I also know that one can get great care at the dental clinic - and one can get abysmal, dangerous "care" there, and that the supervising attending is not always present.

Eventually, after an all-night ER experience, where I had to fight for pain management for my child, educate the on-call ER dentist (who had very little pediatric experience) that whatever it was that he might choose for his child didn't apply to me because he had awesome private insurance and I don't - and by the way, he's now working in a city hospital with an economically diverse set of patients, so he might want to eliminate the phrase, "If it were my child," from his vocab until he goes into private practice - and eventually have an adult molar removed, because the damage was so advanced, we are now looking at the necessity of orthodontic intervention (again, with huge co-pays) to avoid other damage to her teeth because she couldn't get timely care because we have state insurance. (I apologize for that astonishing run-on sentence).

The point? My story is not an anomaly. As a matter of fact, my story is probably better than a lot of people that live in this city and state and country, because I'm a pain in the ass and can politely demand what I know is reasonable, humane, and ethical for my children's care without getting thrown out for my skin color, accent, or other identifying features. My point is that my story, while better than many others, still sucks. Health care in this country is a hot mess.

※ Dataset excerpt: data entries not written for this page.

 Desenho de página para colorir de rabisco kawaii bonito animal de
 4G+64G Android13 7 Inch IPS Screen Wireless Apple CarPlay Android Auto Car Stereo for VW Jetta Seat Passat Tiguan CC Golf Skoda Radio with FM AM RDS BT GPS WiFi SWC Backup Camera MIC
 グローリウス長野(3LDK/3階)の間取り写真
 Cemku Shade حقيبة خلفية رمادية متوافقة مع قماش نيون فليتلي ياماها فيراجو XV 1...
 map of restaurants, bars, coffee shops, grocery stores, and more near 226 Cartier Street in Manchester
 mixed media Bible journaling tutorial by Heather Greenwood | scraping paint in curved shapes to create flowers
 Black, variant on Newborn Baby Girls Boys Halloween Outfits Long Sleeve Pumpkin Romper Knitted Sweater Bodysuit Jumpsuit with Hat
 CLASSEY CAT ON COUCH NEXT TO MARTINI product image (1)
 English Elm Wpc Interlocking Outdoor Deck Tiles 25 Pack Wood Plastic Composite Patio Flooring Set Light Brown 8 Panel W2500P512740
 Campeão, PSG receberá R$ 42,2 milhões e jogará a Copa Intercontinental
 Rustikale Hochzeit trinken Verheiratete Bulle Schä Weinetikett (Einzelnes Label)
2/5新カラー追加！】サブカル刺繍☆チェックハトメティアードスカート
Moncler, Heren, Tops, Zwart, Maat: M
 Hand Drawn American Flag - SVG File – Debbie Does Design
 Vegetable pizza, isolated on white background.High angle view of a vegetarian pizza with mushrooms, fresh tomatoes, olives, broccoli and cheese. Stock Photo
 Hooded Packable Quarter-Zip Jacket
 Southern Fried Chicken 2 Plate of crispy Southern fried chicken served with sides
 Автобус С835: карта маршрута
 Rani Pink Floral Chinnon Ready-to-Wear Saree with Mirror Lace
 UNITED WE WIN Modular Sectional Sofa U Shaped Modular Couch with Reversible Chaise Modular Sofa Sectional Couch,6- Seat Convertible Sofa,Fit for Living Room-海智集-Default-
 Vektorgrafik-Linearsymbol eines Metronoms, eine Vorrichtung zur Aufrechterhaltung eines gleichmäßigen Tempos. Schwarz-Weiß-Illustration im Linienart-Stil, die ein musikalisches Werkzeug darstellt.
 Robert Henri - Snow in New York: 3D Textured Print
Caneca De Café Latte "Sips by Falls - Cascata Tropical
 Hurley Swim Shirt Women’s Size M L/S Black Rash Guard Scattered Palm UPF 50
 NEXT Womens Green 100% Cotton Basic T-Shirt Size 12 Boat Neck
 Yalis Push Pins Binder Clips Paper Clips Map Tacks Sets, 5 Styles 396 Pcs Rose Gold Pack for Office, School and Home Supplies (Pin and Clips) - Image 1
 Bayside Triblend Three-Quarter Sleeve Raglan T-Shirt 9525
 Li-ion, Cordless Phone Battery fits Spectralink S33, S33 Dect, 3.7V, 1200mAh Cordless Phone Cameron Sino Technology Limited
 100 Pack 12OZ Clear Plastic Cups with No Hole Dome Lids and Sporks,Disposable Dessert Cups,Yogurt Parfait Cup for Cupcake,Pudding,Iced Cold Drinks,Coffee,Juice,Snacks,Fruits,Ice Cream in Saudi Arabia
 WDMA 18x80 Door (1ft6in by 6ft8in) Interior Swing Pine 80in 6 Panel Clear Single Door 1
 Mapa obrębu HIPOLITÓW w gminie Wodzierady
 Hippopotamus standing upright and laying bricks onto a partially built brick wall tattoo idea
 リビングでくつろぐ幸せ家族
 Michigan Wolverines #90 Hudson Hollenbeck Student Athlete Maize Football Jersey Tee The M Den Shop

My other point is that it's not just "poor, white trash," or "blacks" or "hispanics," who are "lazy and milking the system" who are using state insurance. It's many, many people, of all races and means who have been effected by the global economic collapse, whose employers find ways around offering benefits, who fall between the cracks because they work part-time in the food service but still make too much money to qualify for assistance. It's time to stop making assumptions about "the system" and those who use it. It's time to start treating all people with respect and dignity - because we really don't know the whole story 99% of the time. And after all, we are the 99%.